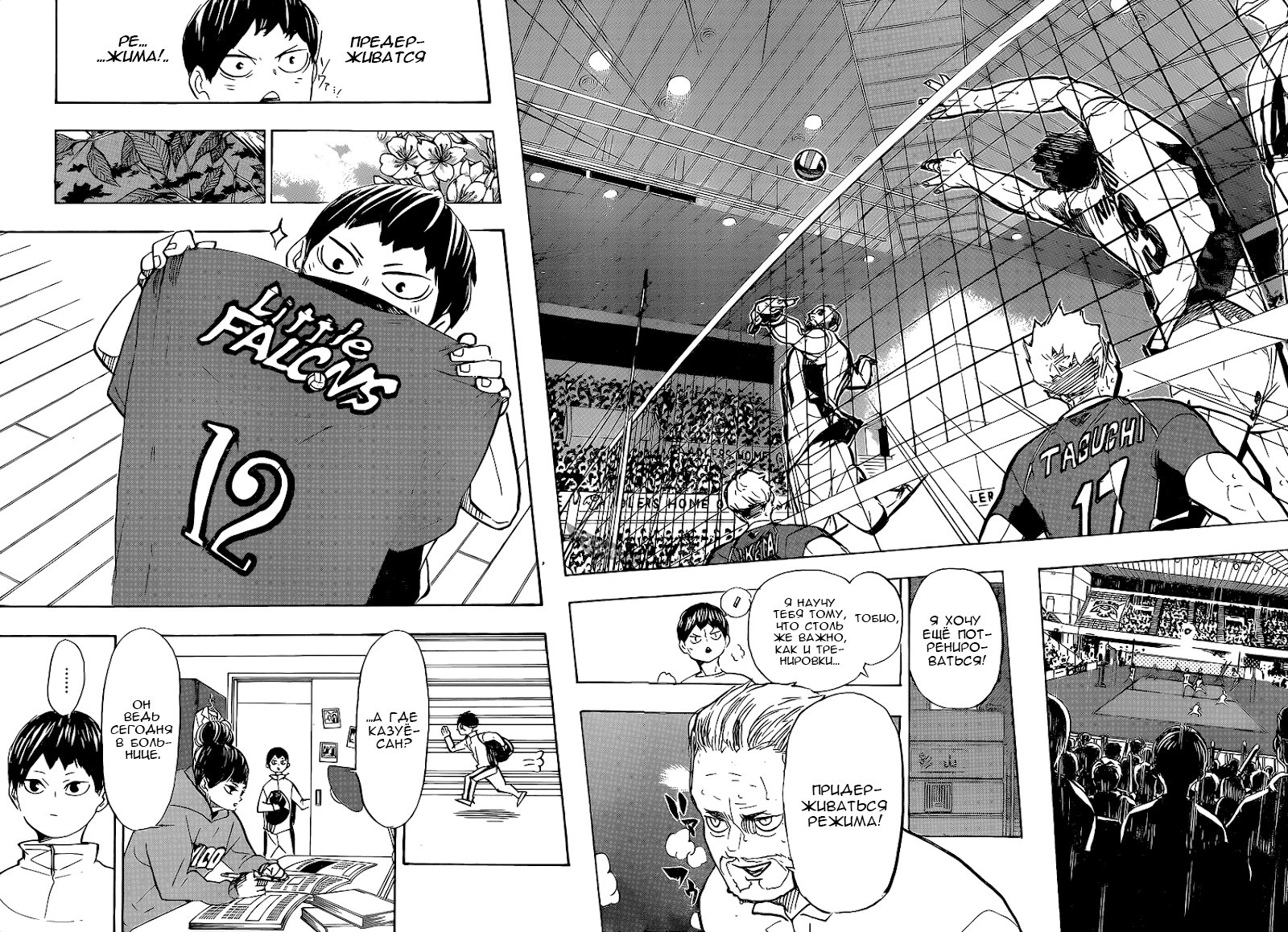 Read Волейбол!! Manga Online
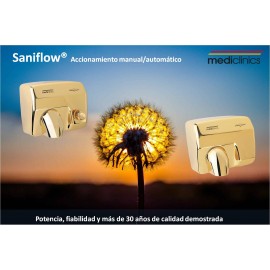 E88AO | Secadora de manos automática Saniflow®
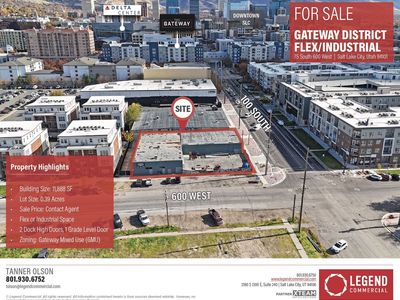 12,000 SF Salt Lake City Flex Warehouse
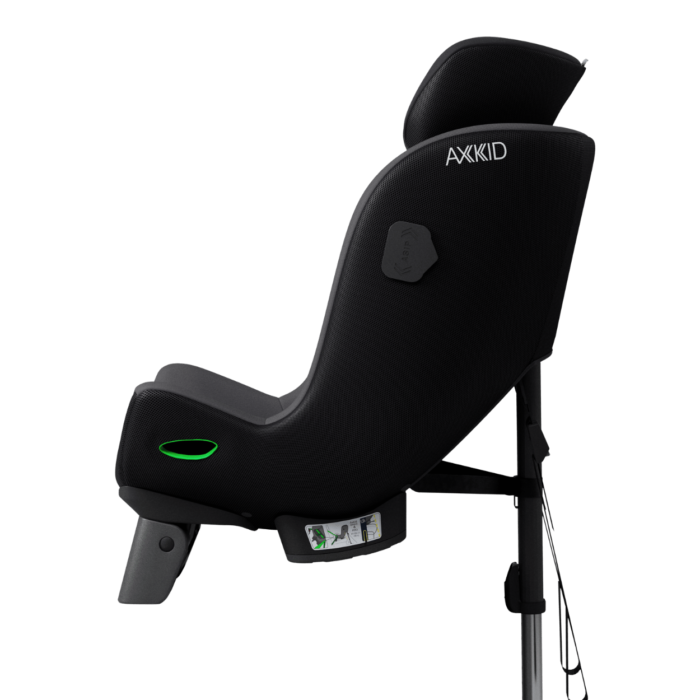 Axkid Minikid 4 Pro, Arctic Mist Grey, Bilstol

• _WORK ORDER_: All of the material above needs to be restated exactly, with no pictures.

• _SOLUTION TO THE EXERCISE_:
 Read Волейбол!! Manga Online
 E88AO | Secadora de manos automática Saniflow®
 12,000 SF Salt Lake City Flex Warehouse
 Axkid Minikid 4 Pro, Arctic Mist Grey, Bilstol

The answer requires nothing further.